__Exercise description__:
Set down, word for word, the line with "this 640×480 image." and the lines after it through the final line of the data below, without pictures.

# # # # #

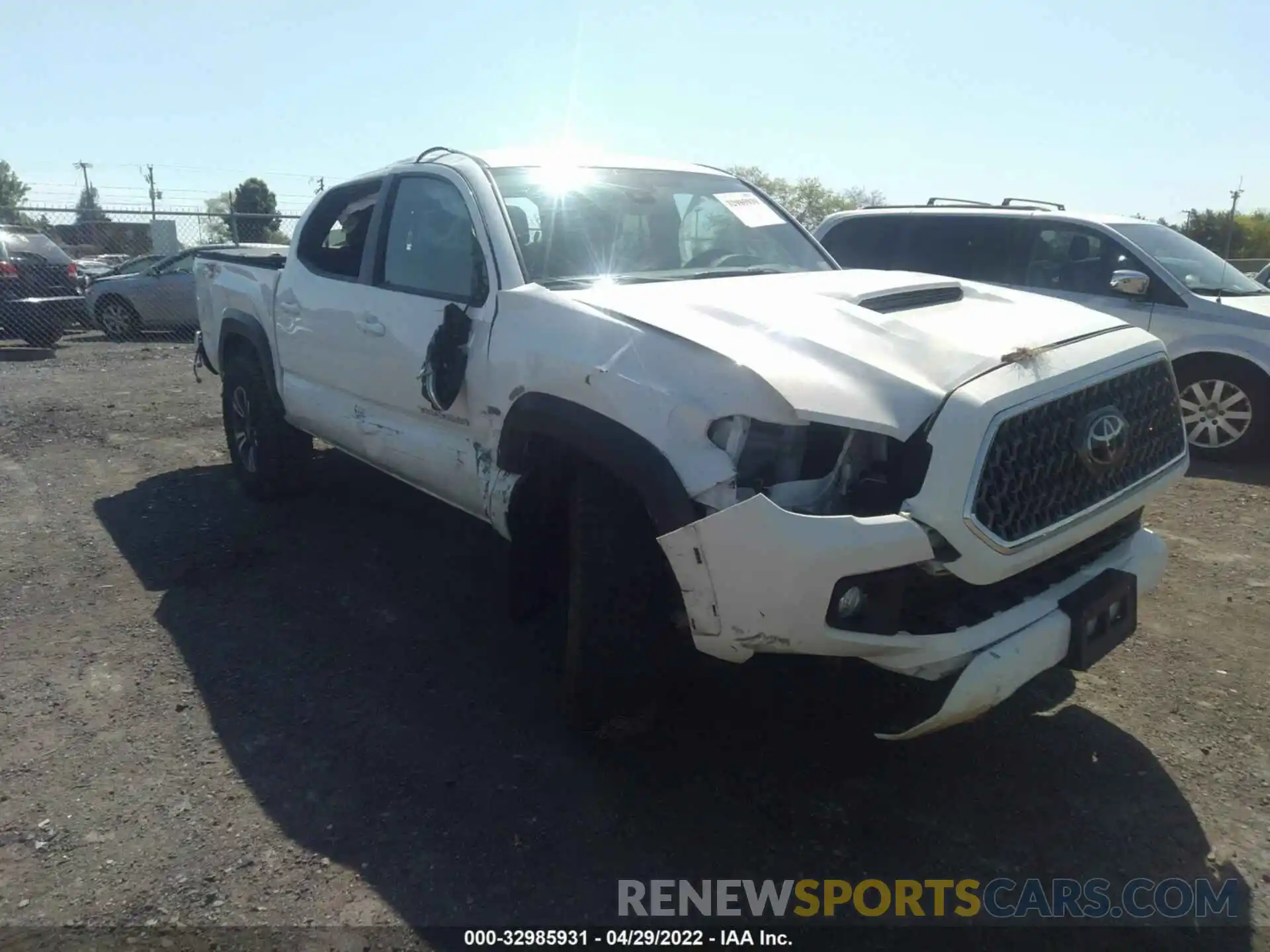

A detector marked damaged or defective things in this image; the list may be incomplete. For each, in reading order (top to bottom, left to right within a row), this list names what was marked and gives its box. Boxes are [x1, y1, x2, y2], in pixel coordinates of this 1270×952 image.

damaged white truck [190, 149, 1191, 740]
crushed front bumper [659, 495, 1164, 740]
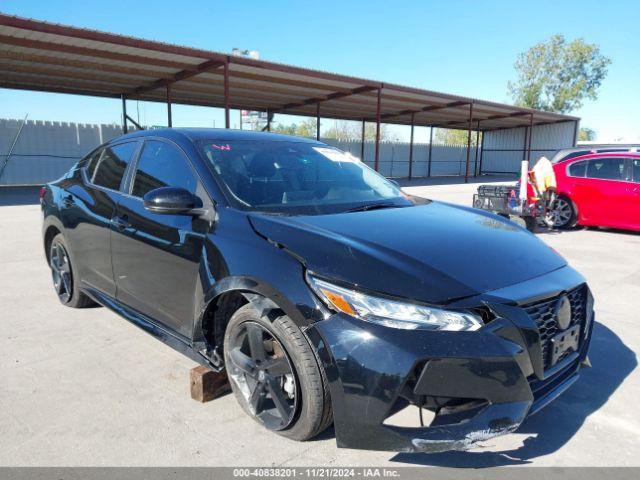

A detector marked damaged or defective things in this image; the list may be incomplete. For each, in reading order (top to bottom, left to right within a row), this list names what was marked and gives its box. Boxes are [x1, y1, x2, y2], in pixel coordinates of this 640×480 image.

damaged front bumper [304, 270, 596, 454]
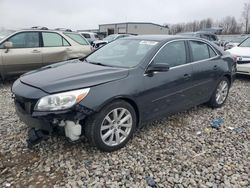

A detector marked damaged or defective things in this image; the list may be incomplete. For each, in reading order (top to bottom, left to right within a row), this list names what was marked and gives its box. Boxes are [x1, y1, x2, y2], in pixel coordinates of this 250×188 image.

damaged headlight [34, 88, 90, 111]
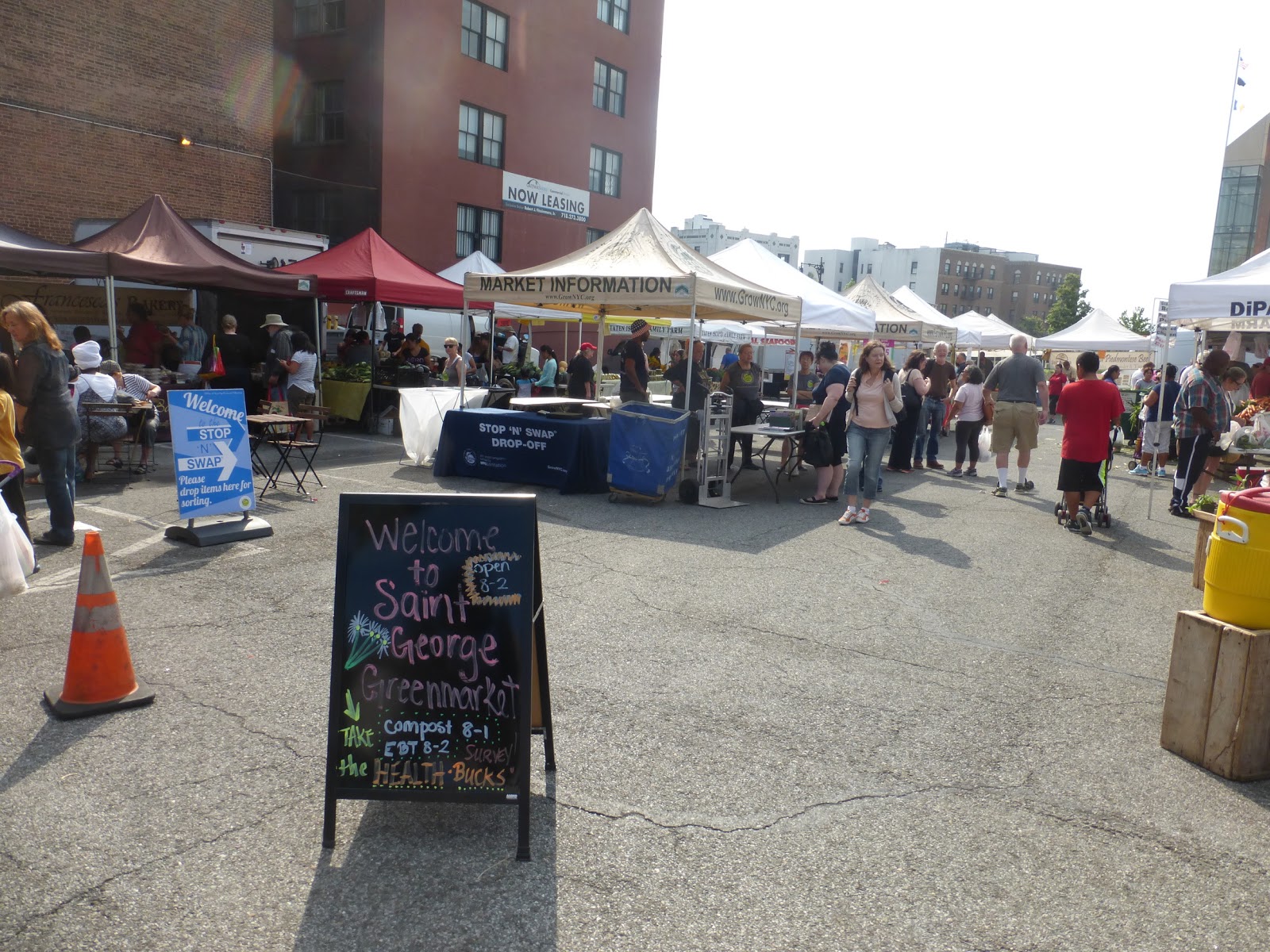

# # # # #

__Answer below__:
A detector marked damaged or defective things in this image; the list may be incomplete. For each, in reading order (top to bottom, left to right within a row), this list names what was marked and gives its box. Boxes are [x1, y1, x2, y2], in pixel coordinates of this 640×480 image.

damaged front bumper [304, 270, 596, 454]

A detector marked damaged or defective things in this image; the list may be incomplete. For each, in reading order (top to bottom, left to right within a row), this list names what was marked and gives its box. Boxes are [x1, y1, x2, y2], in pixel coordinates of this 250×188 image.

damaged headlight [34, 88, 90, 111]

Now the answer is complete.